Leaving the pictures aside, return all of the data below exactly.

-- DATA EXTRACTS follows --

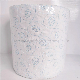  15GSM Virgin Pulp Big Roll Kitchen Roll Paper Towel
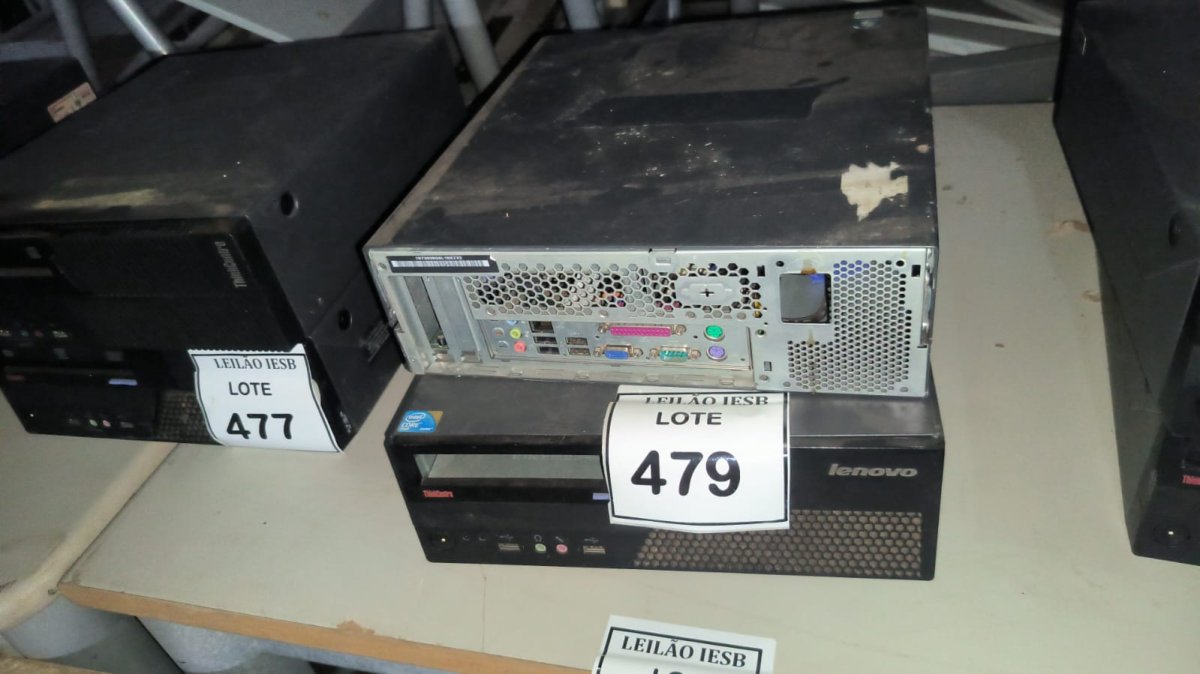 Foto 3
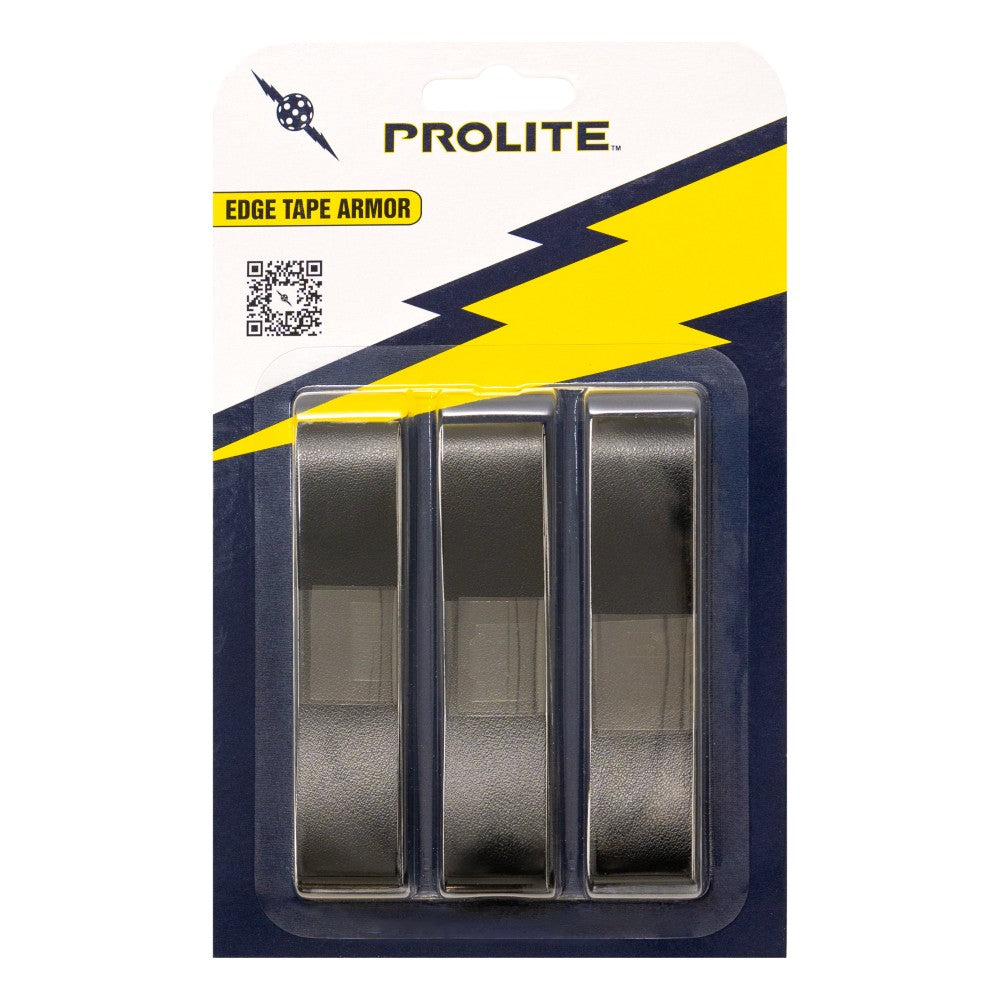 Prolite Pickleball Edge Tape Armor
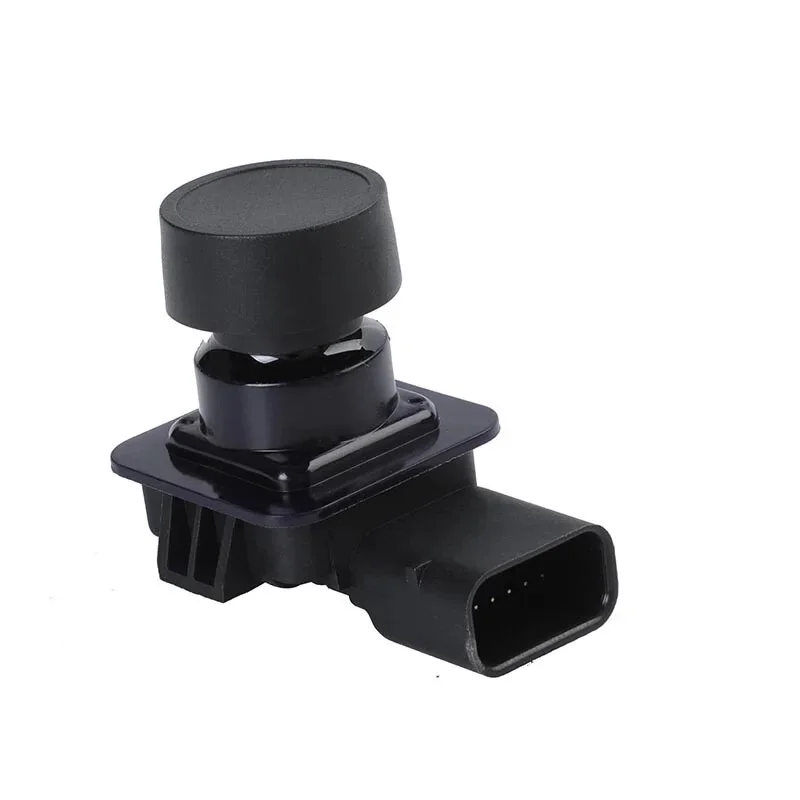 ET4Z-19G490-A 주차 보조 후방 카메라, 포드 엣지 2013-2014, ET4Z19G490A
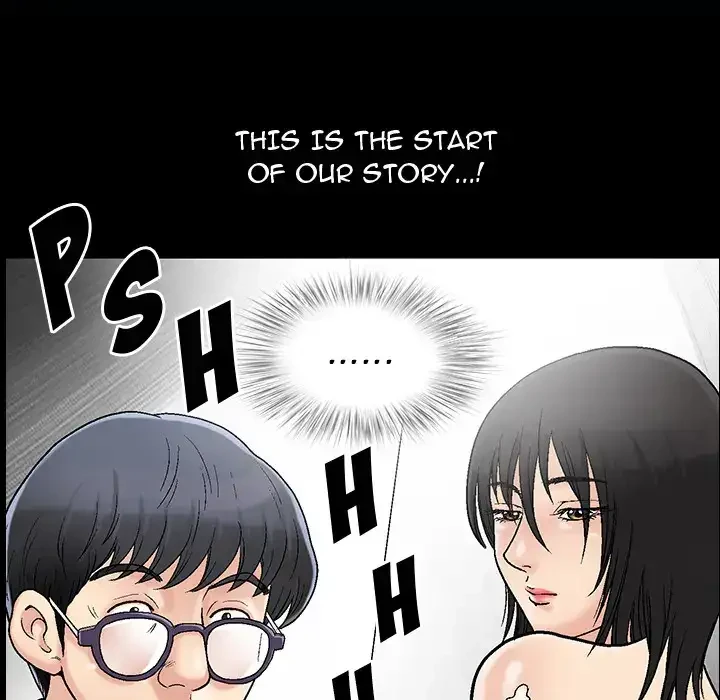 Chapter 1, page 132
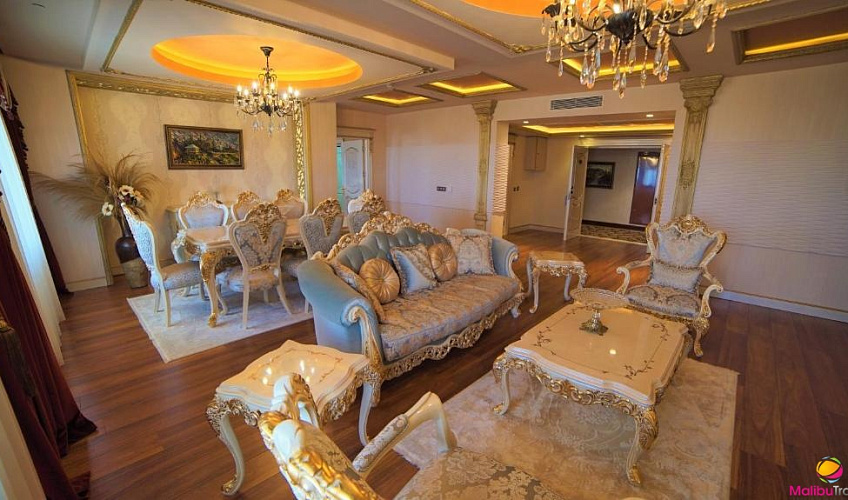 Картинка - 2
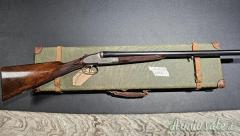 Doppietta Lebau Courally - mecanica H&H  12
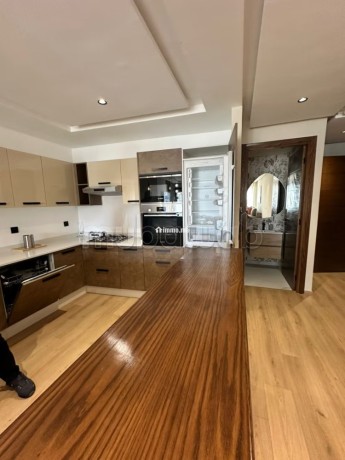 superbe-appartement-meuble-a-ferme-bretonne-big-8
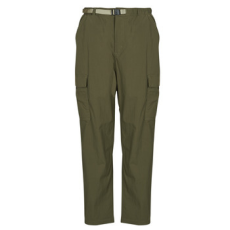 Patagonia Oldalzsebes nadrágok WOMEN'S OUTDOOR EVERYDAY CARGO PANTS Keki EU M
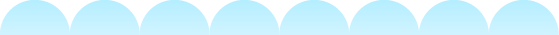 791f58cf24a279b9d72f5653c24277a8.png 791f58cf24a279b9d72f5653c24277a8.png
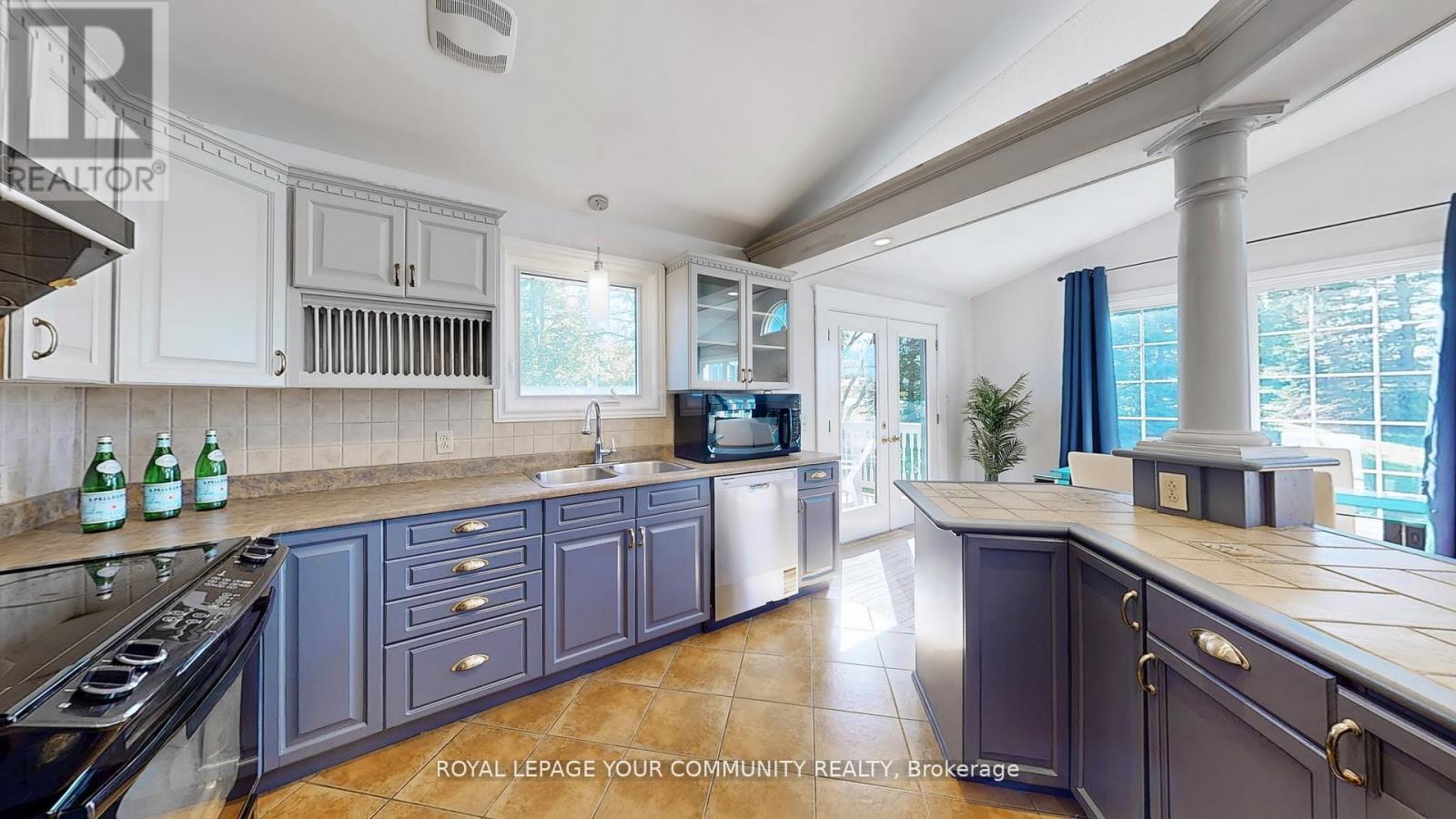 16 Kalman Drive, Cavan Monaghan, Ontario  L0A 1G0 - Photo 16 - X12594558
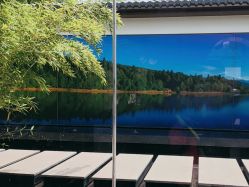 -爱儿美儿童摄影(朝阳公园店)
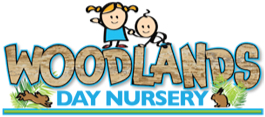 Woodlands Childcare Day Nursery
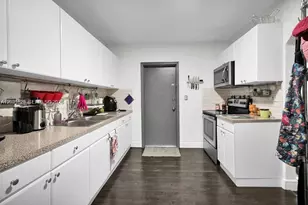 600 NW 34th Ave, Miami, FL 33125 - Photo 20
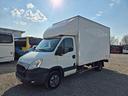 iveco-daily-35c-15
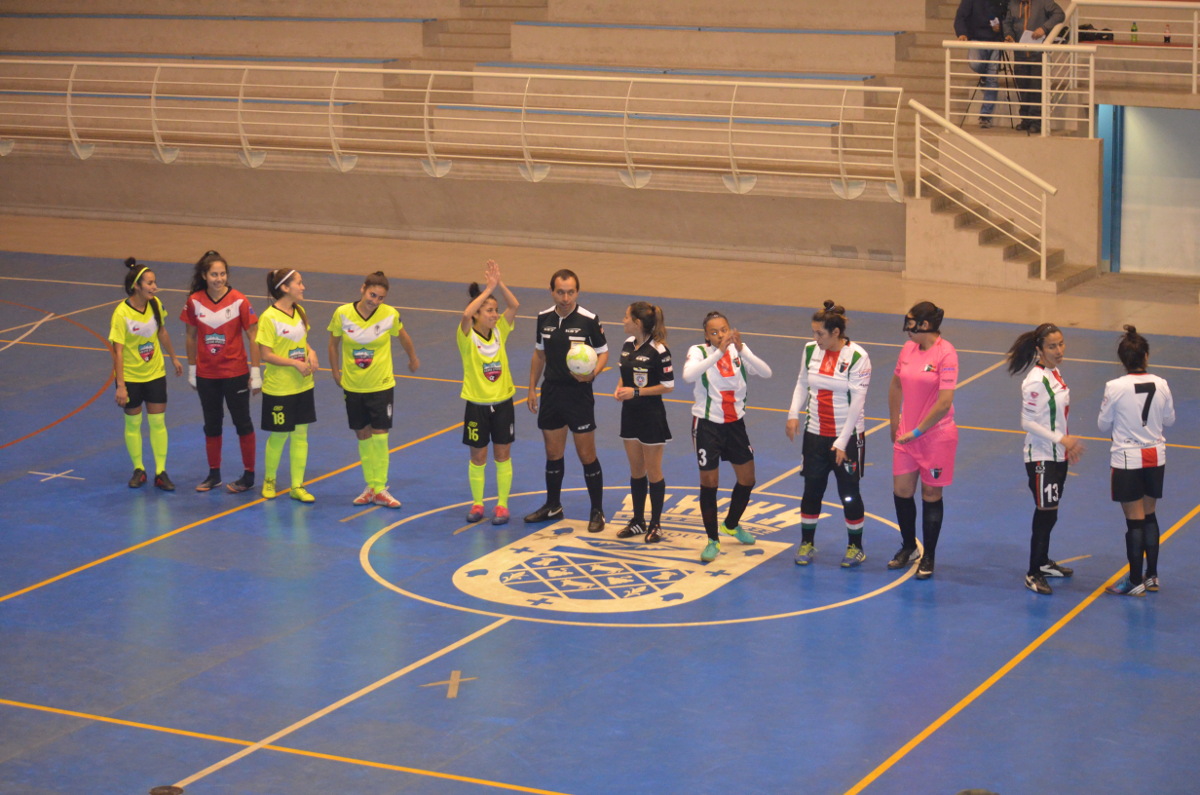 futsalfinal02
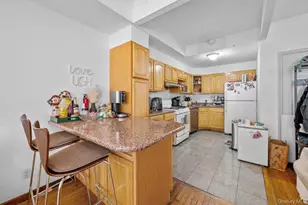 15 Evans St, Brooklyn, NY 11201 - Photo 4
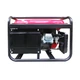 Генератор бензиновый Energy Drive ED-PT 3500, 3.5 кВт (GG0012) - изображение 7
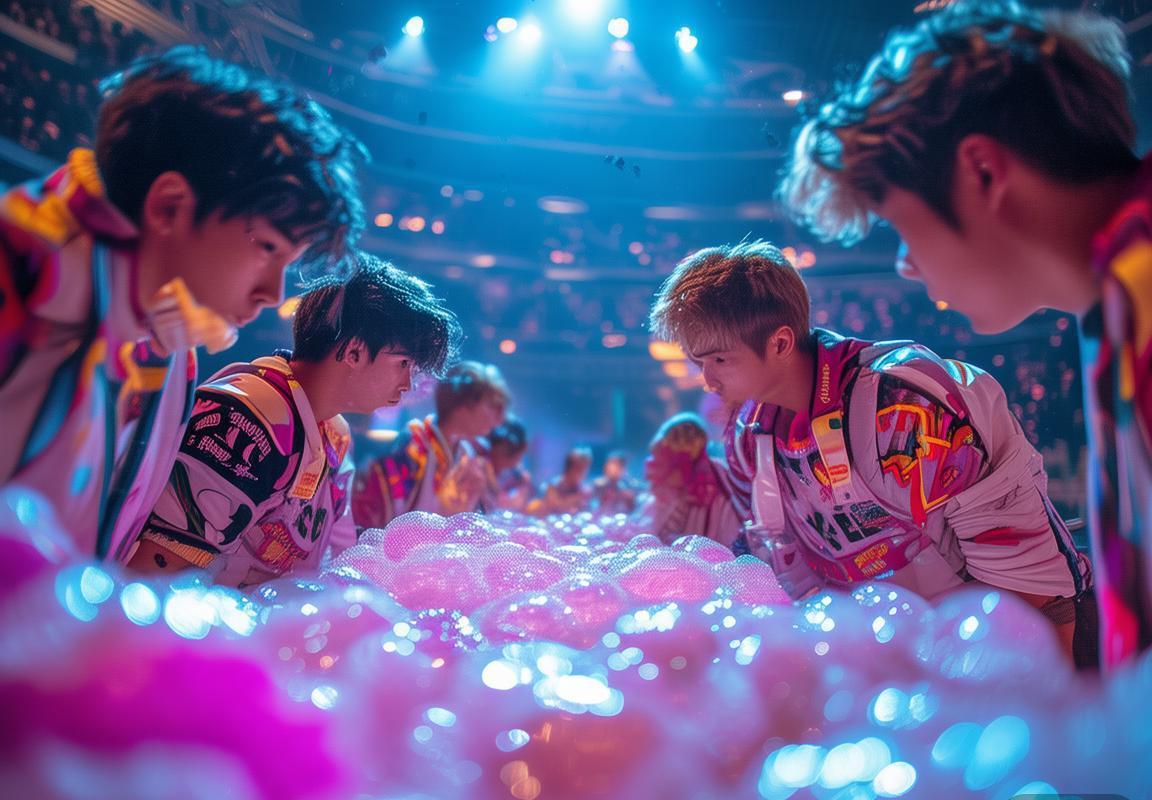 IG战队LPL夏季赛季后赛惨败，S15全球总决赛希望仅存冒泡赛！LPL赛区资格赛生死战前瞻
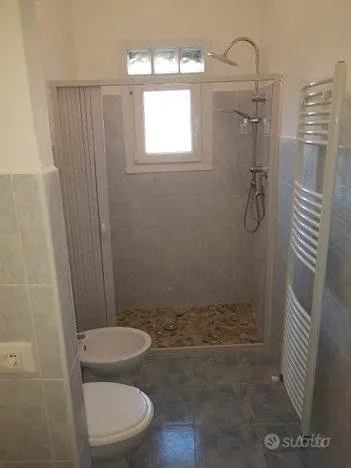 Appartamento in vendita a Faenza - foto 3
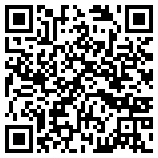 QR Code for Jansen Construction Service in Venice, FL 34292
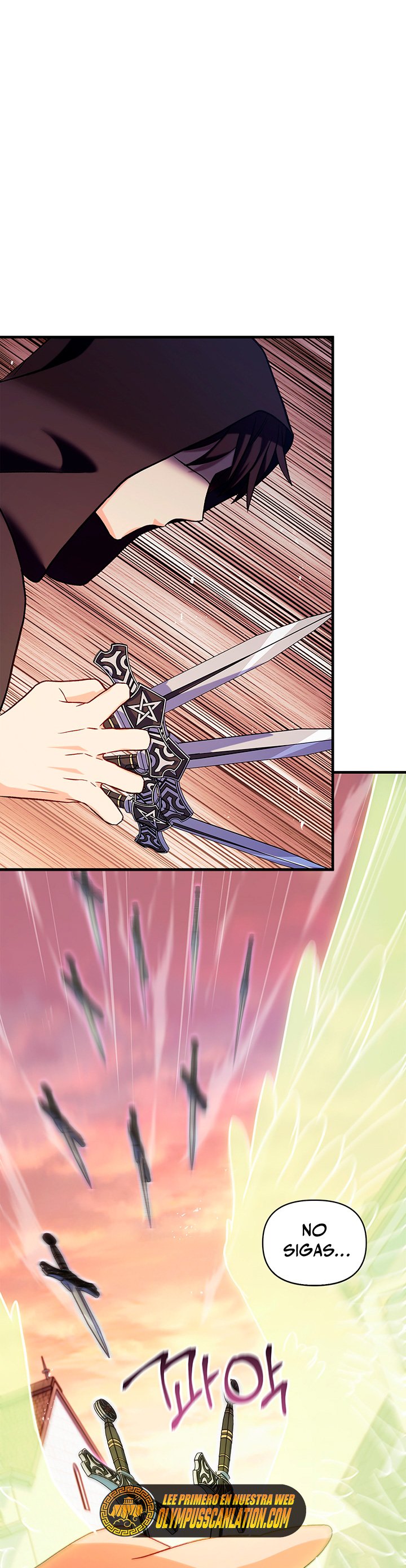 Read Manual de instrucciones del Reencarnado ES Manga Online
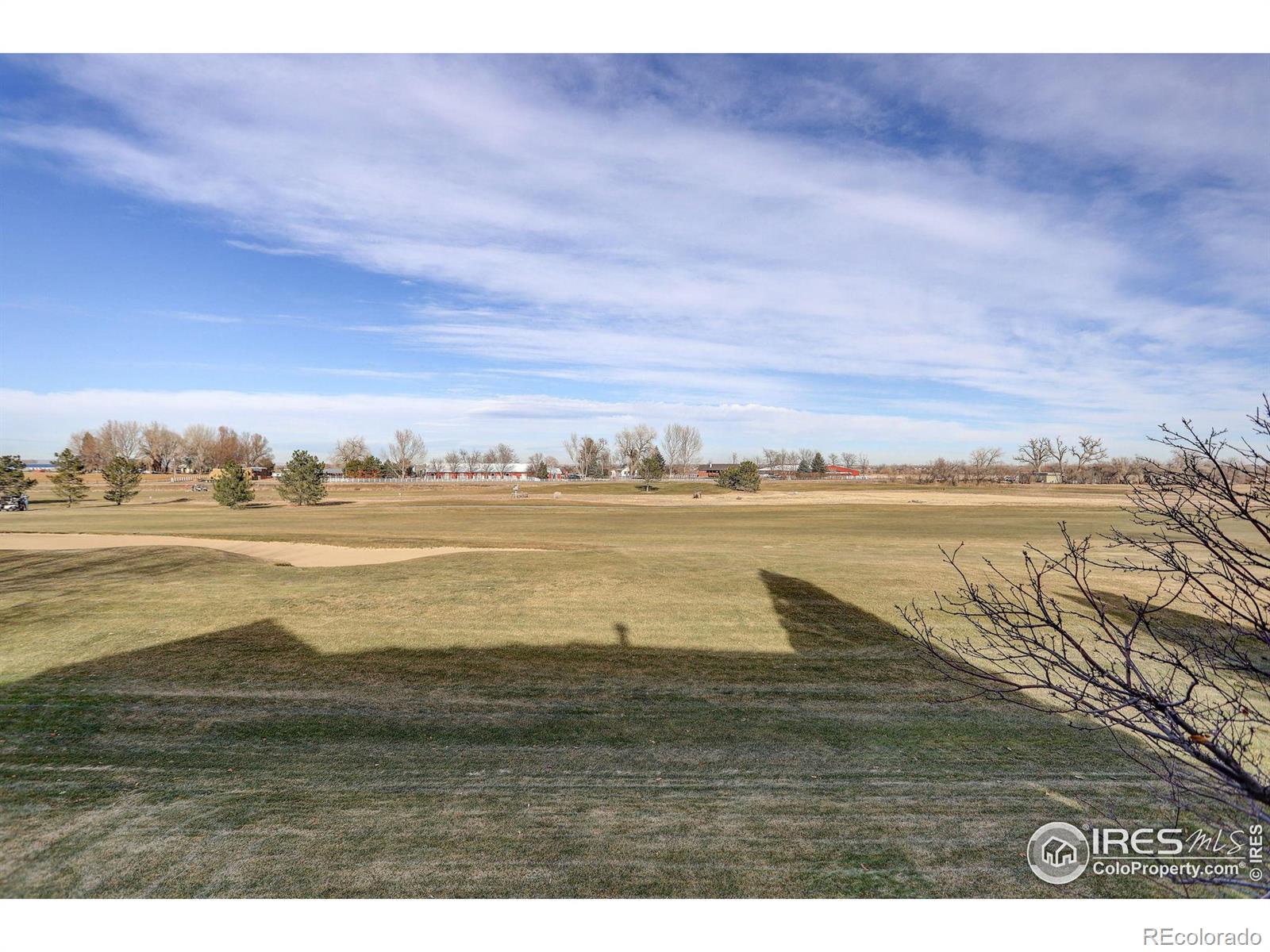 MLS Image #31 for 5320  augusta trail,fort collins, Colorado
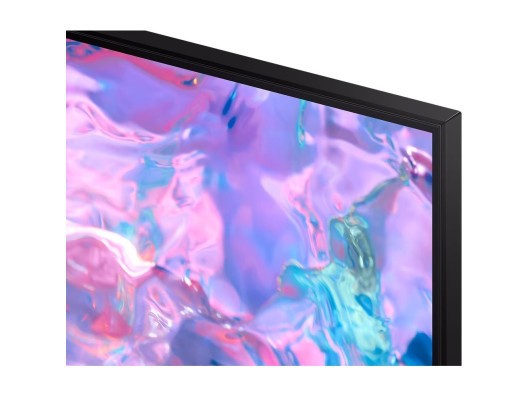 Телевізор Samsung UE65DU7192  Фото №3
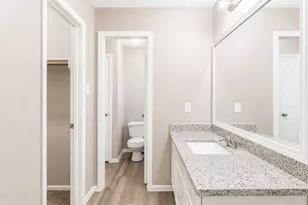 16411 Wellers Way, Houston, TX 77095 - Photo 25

-- DATA EXTRACTS concluded --

▸ **TASK SOLUTION**:
  15GSM Virgin Pulp Big Roll Kitchen Roll Paper Towel
 Foto 3
 Prolite Pickleball Edge Tape Armor
 ET4Z-19G490-A 주차 보조 후방 카메라, 포드 엣지 2013-2014, ET4Z19G490A
 Chapter 1, page 132
 Картинка - 2
 Doppietta Lebau Courally - mecanica H&H  12
 superbe-appartement-meuble-a-ferme-bretonne-big-8
 Patagonia Oldalzsebes nadrágok WOMEN'S OUTDOOR EVERYDAY CARGO PANTS Keki EU M
 791f58cf24a279b9d72f5653c24277a8.png 791f58cf24a279b9d72f5653c24277a8.png
 16 Kalman Drive, Cavan Monaghan, Ontario  L0A 1G0 - Photo 16 - X12594558
 -爱儿美儿童摄影(朝阳公园店)
 Woodlands Childcare Day Nursery
 600 NW 34th Ave, Miami, FL 33125 - Photo 20
 iveco-daily-35c-15
 futsalfinal02
 15 Evans St, Brooklyn, NY 11201 - Photo 4
 Генератор бензиновый Energy Drive ED-PT 3500, 3.5 кВт (GG0012) - изображение 7
 IG战队LPL夏季赛季后赛惨败，S15全球总决赛希望仅存冒泡赛！LPL赛区资格赛生死战前瞻
 Appartamento in vendita a Faenza - foto 3
 QR Code for Jansen Construction Service in Venice, FL 34292
 Read Manual de instrucciones del Reencarnado ES Manga Online
 MLS Image #31 for 5320  augusta trail,fort collins, Colorado
 Телевізор Samsung UE65DU7192  Фото №3
 16411 Wellers Way, Houston, TX 77095 - Photo 25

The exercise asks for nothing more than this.